Variables and definitions
Extracorporeal membrane oxygenation (ECMO) nomenclature based on the ELSO Maastricht Treaty for ECLS Nomenclature (14), where V-VA ECMO stands for an upgrade of V-V ECMO in patients with predominant ARDS with an additional arterial return cannula. Differential return blood flow of V-VA ECMO was regulated with gate clamps and additional flow monitors at the venous return cannula.

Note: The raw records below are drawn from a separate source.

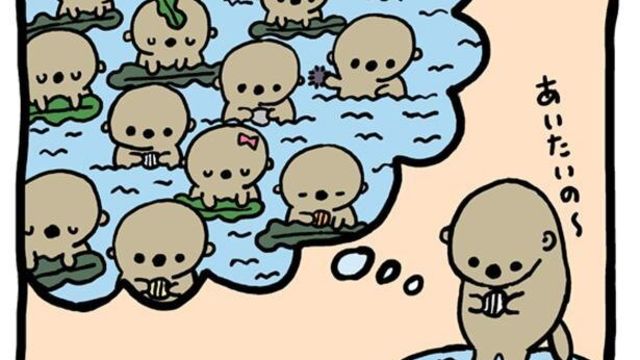 寝るときはみんなで手をつなぐ 可愛すぎる ラッコの習性 に心がほっこりする Antenna アンテナ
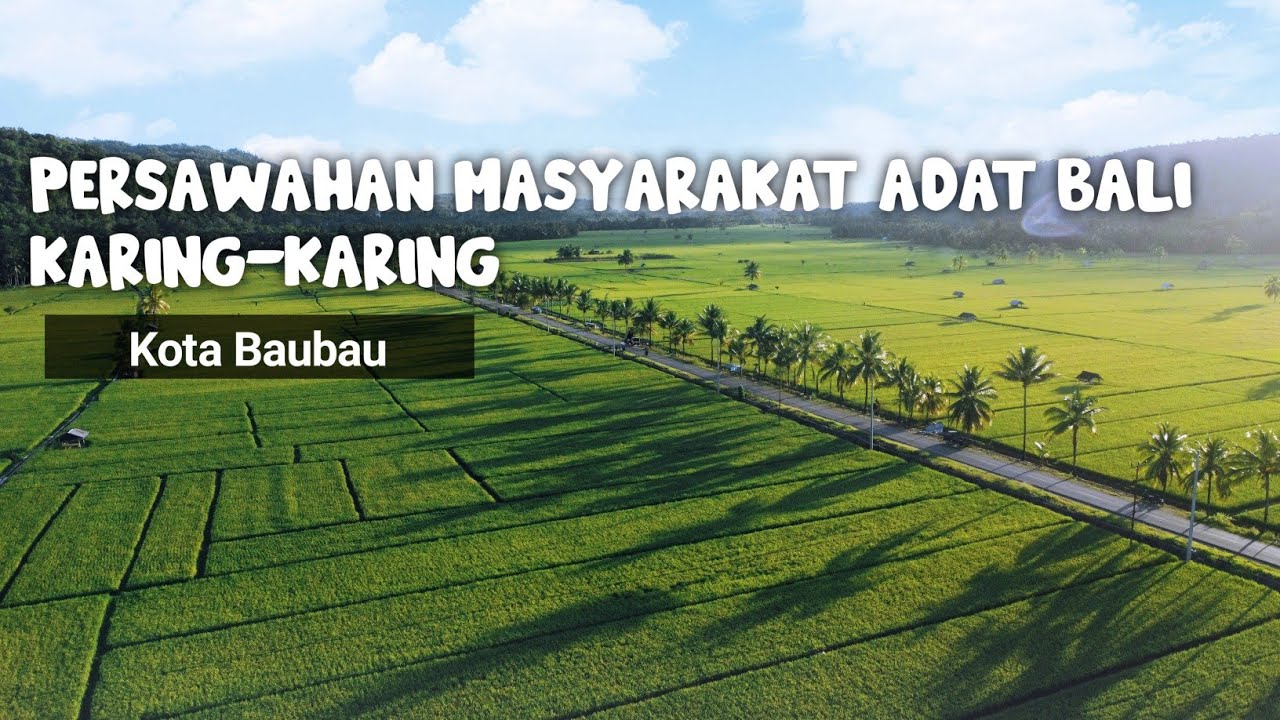 Persawahan Masyarakat Adat Bali di Tanah Buton - Luvtrip #wisataalam #baubau #pariwisata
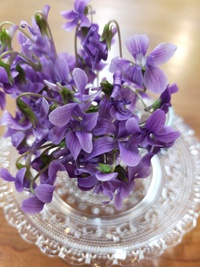 　すみれの花束 2024/01/31 14:10:25
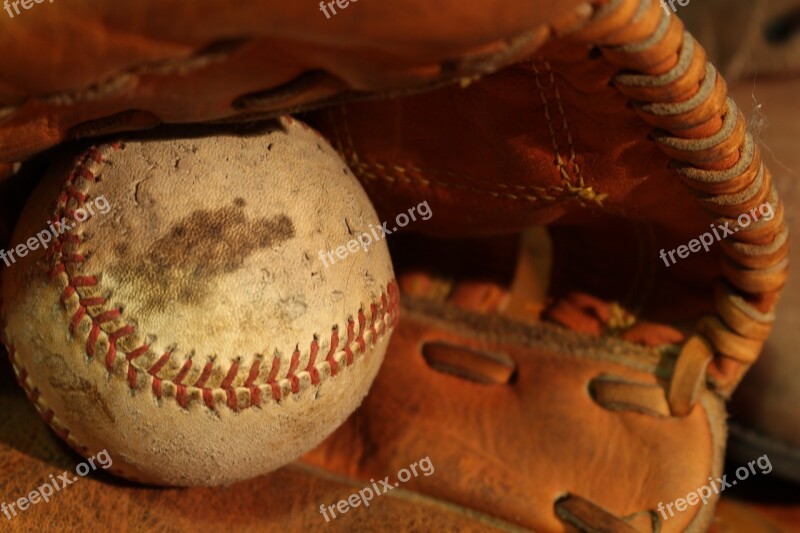 Baseball Balls Sports Glove Yankees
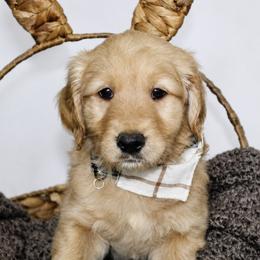 Gideon - Cream male Goldendoodle puppy in Yukon, Oklahoma from Silver Barn Doodles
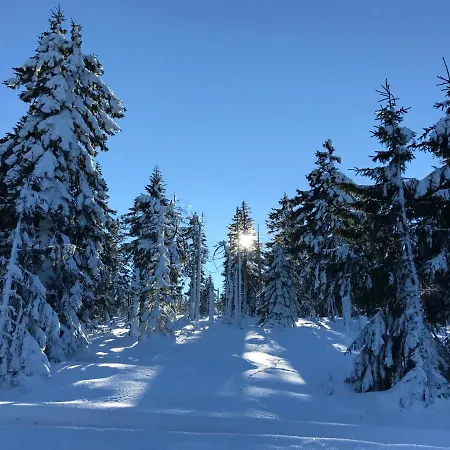 Kirchturmblick Bei Quedlinburg Ferienhaus *
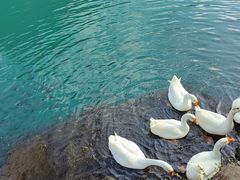 -靖西鹅泉风景区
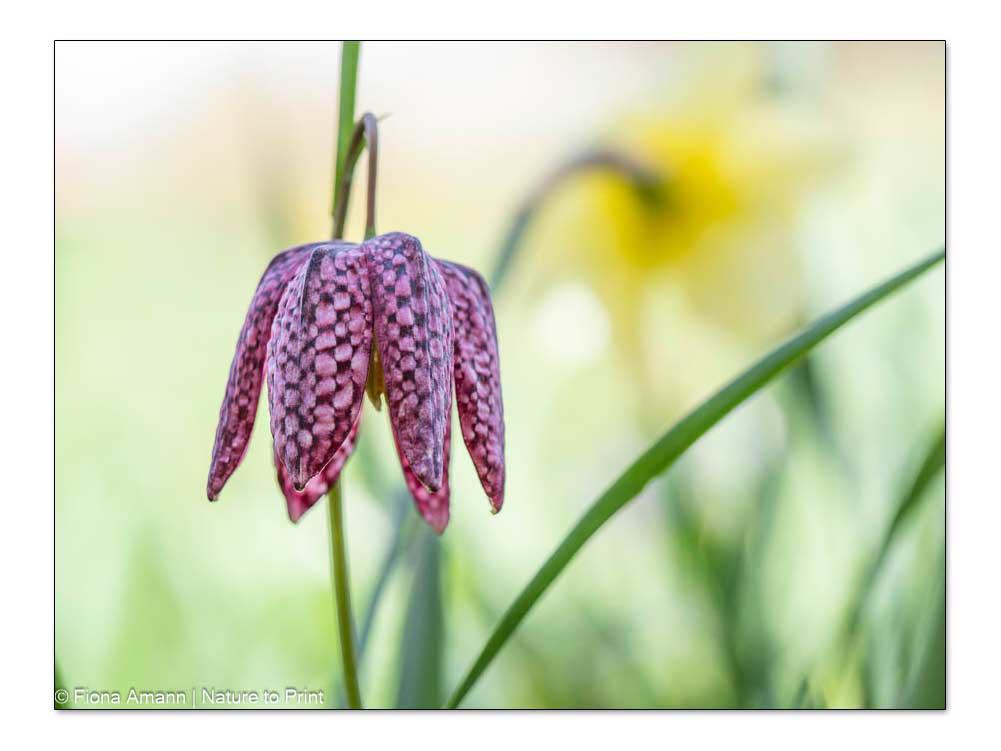 Schachbrettblume, Blumenbild auf Leinwand, Alu, Acryglas, Kunstdruck oder FineArt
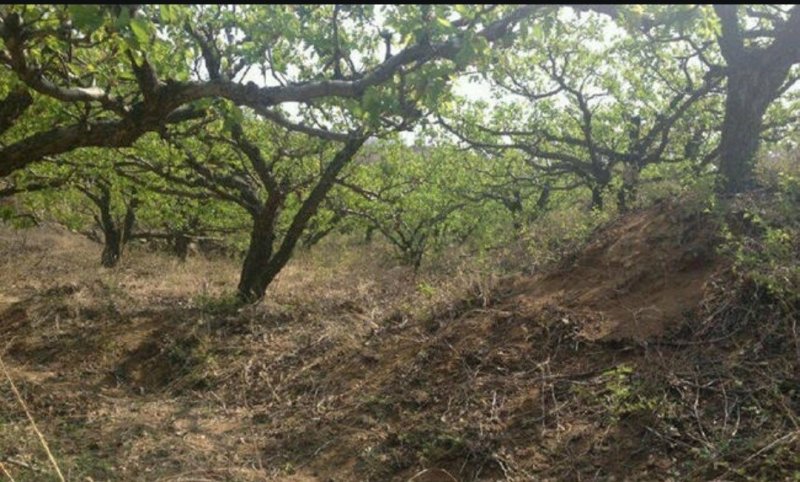 潍坊临朐辛塞镇150亩生态种植丘陵27万转让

We collected demographic data, current illness leading to ECMO support and relevant comorbidities. Respiratory and hemodynamic parameters and the extent of organ support were analyzed at two time points – before V-V ECMO implantation and before V-VA ECMO upgrade. ECMO configuration and initial settings for V-V ECMO and V-VA ECMO were collected. The following outcome parameters were included: ECMO runtime, ICU and hospital length of stay, organ-specific outcomes (lung transplantation, long-term oxygen therapy, chronic kidney disease, congestive heart failure), mortality during ICU- and hospital stay and after one and two years. Additional, Vasoactive-inotropic score and serum lactate 24 h after V-VA ECMO upgrade was collected. If patients deceased in the first 24 h, the latest value before discontinuation of life-sustaining therapies was documented.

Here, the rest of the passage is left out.